I bet you know what I mean, don’t you? I bet when you’re with him, you feel a love greater than the love in this room on a Sunday morning. I bet that when you’re ordained by him as elders and deacons and baptized members of the household God, sent to do his ministry in this world, you get, you really, really, really get that God so loves you. I bet, when you worship him you see his face in those who lay down their lives for each other, for this church, for this community every single day. You do, don’t you?
So I bet it wouldn’t matter to you if other people called you sinners, would it? I mean, some people could call you sinners just for having me up in your pulpit, couldn’t they? Some people could call you sinners for mixing the races, or ordaining women. Some people could even call you sinners for using the “wrong” translation of the Bible. Well, it could happen. Like I said, it probably won’t now that most of you are Christians in this country. You see, you Christians have got it made, what with all of that grace, mercy, and forgiveness that you preach about.

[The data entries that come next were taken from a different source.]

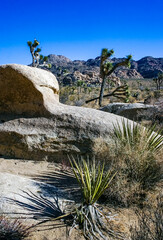 Rock landscape, Yucca Brevifolia Mojave Desert Joshua Tree National Park, CA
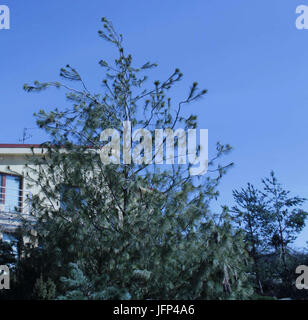 2013 0408 9999 Komín 87u Banque D'Images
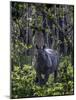 Indian rhino stands alone in a sunlit forest, India-Art Wolfe-Mounted Photographic Print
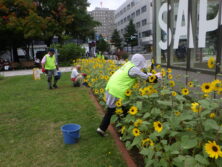 0903シーズネット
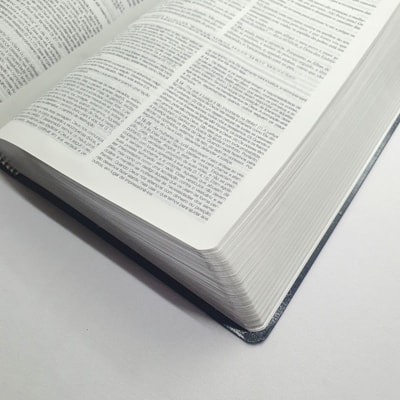 image_6362f59f-4f7b-4bd8-aa01-4753c3ad9008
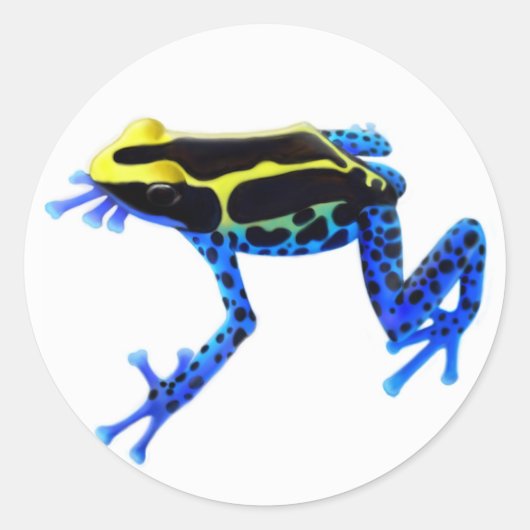 Sticker Rond Mouture de grenouille à poison (Devant)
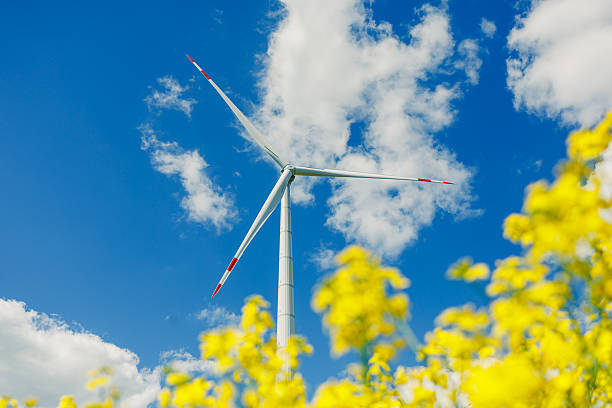 istock Ecological energy generation by windmills from the wind. Windmill field. Wind turbines generating energy against a clear blue sky. Wind turbines generating clean renewable energy in a rural field. 2253061256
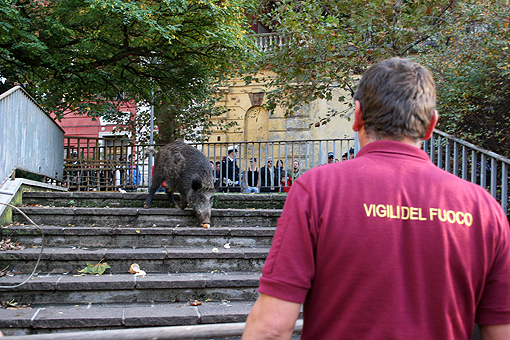 cinghiale (1)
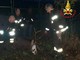 Il cervo soccorso dai vigili del fuoco a Lozza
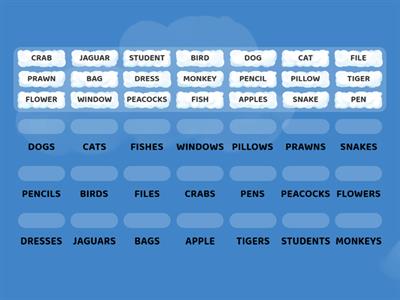 SINGULAR PLURAL YEAR 3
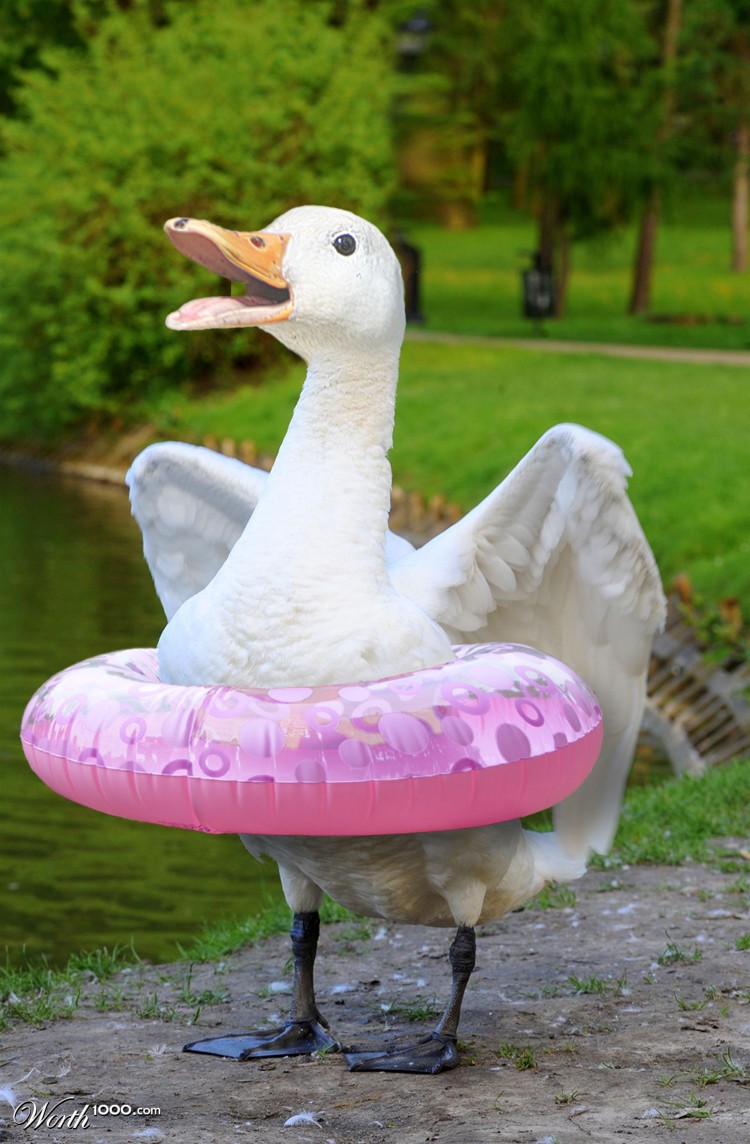 Non-Swimmer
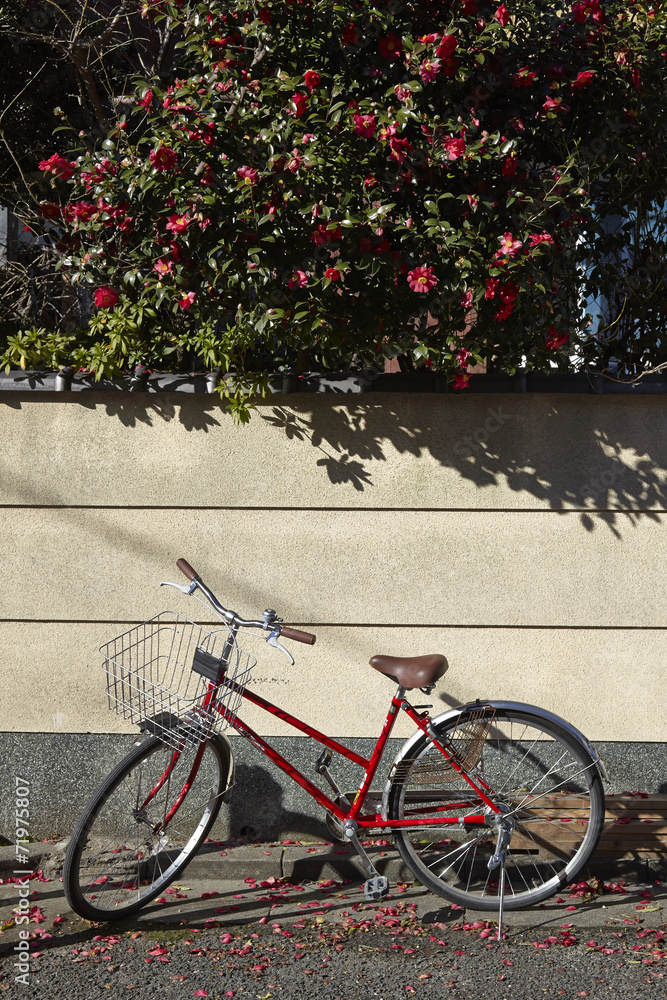 bicycle parking in garden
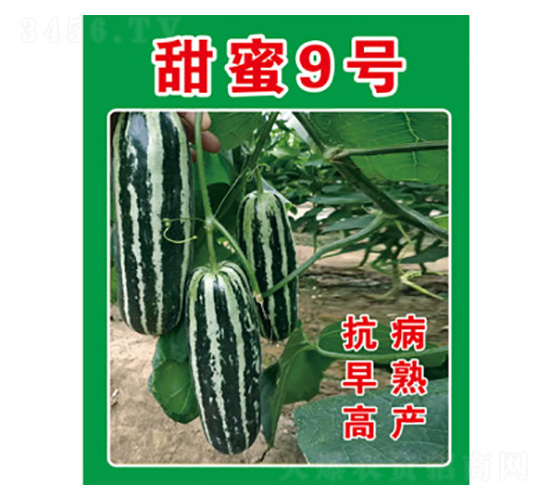 甜瓜種子-甜蜜9號-尚豐農業(yè)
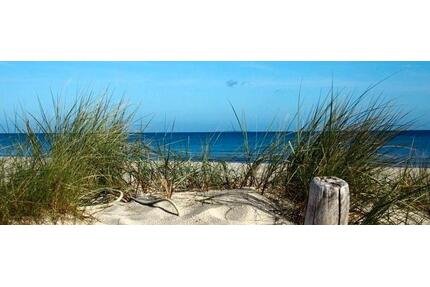 Top Ferienwohnung Ostsee 5.07.- 25.07 frei Usedom - Koserow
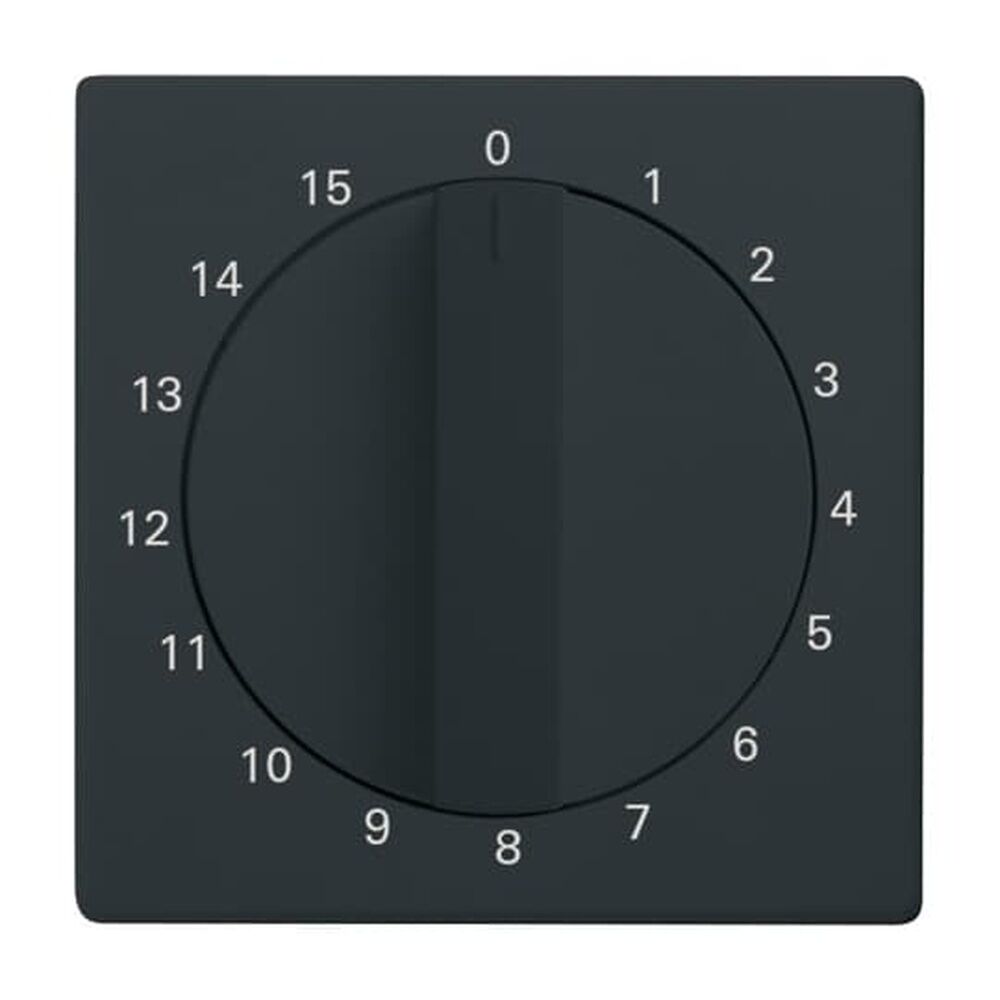 Busch-Jaeger Zentralscheibe 1770-81-103 Nr. 2CKA001753A0255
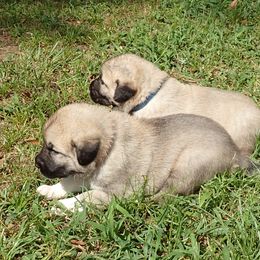 Kangal Puppies from DASA Ridge Kangals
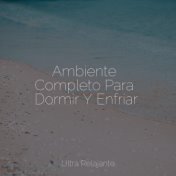 Ambiente Completo Para Dormir Y Enfriar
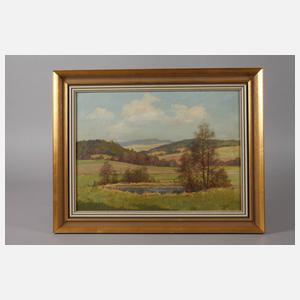 Siegfried Hauffe, Sommer im Vogtland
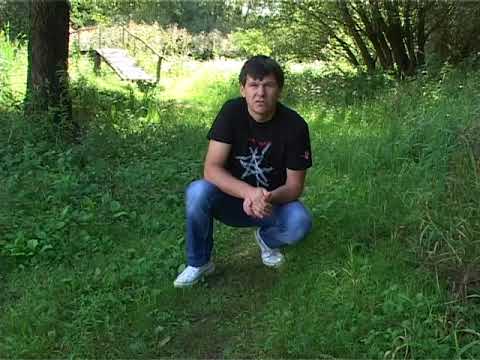 Zlatko Nedeljko Pepsi - Stora puca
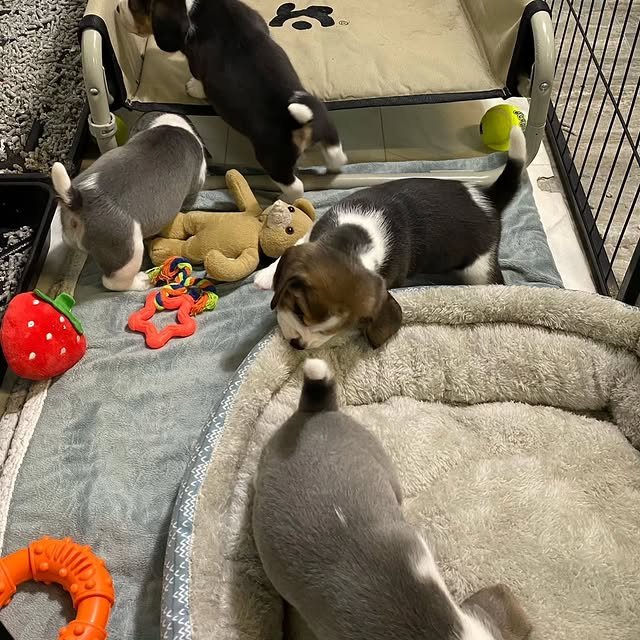 beagle puppies 1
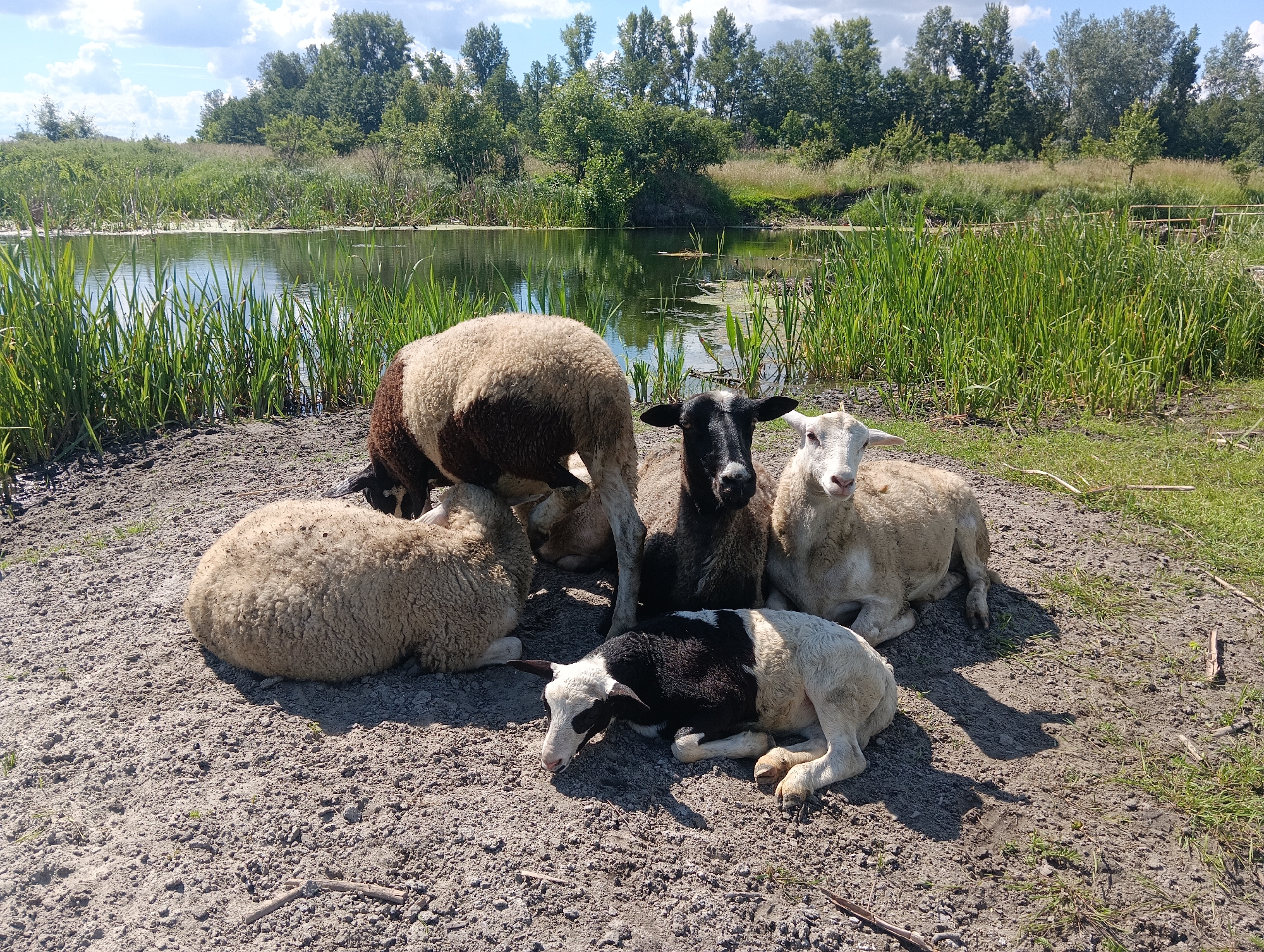 In an outdoor scene, five sheep rest on dry, sandy ground near a body of water. The water is bordered by reeds and lush green vegetation. A line of trees forms the background, with a bright, partly cloudy sky overhead. One sheep, a lamb with black and white markings, lies down with its head resting on the ground. Another white sheep lies to its right, facing the viewer. A black-faced sheep sits between the white sheep and a large brown and white sheep. The brown and white sheep stands with its head down. The image is captured in natural light, suggesting it was taken during the daytime.
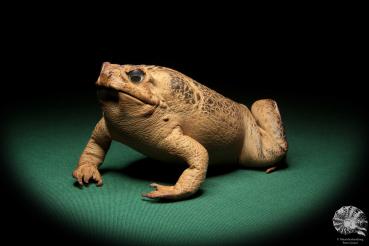 Rhinella marina (17008) a reptile from Australia | Taxidermy | Reptiles & Amphibians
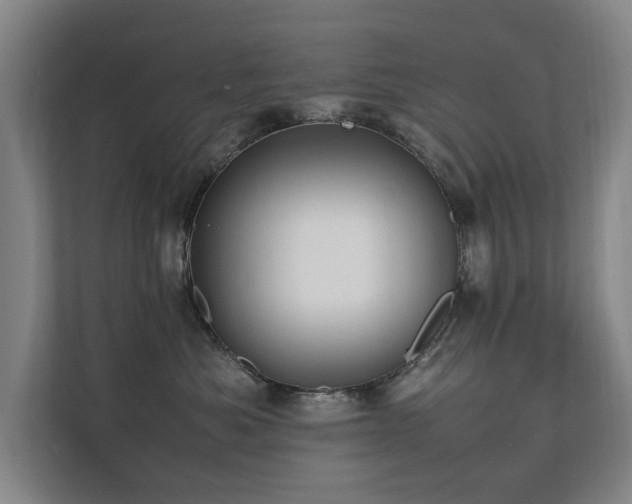 X0000112070525200908041236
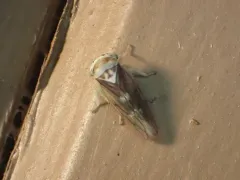 Populicerus formosus thumbnail 2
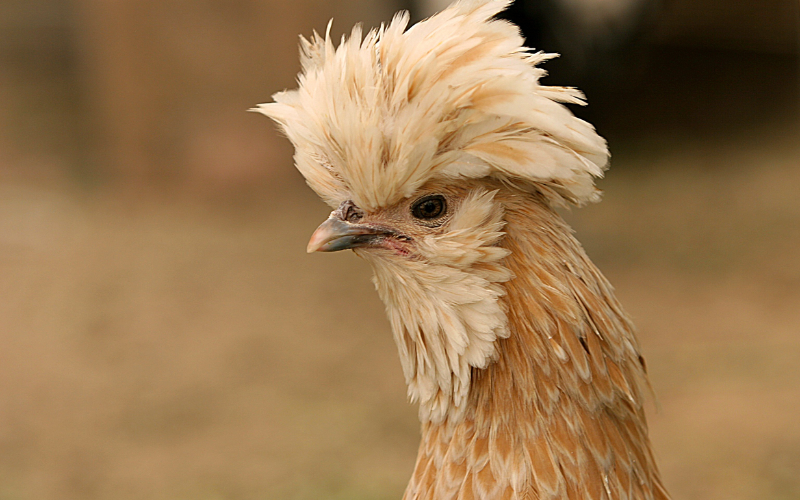 Polish Chicken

But, here’s a tip, from one who knows. In case someone should ever call you a sinner—someone who really, really, really wants God to love them best—you just tell them this. I don’t know if I’m a sinner or if I’m not. But I know this much. They used to call Jesus a sinner, cause he didn’t always do what the Bible said do. And you know what, once I was blind, once I was afraid, once I hated myself, once I was lonely, once I was scared, once I was the one who used to sit and beg, but now, through amazing grace, now I see. This is my story.
Amen.
I love this! Wish I could have heard it. Always impressed when someone preaches as a 1st person narrative, I haven't been that brave, yet. This makes me want to try. Thanks to you and to Rev. Dr. Margaret!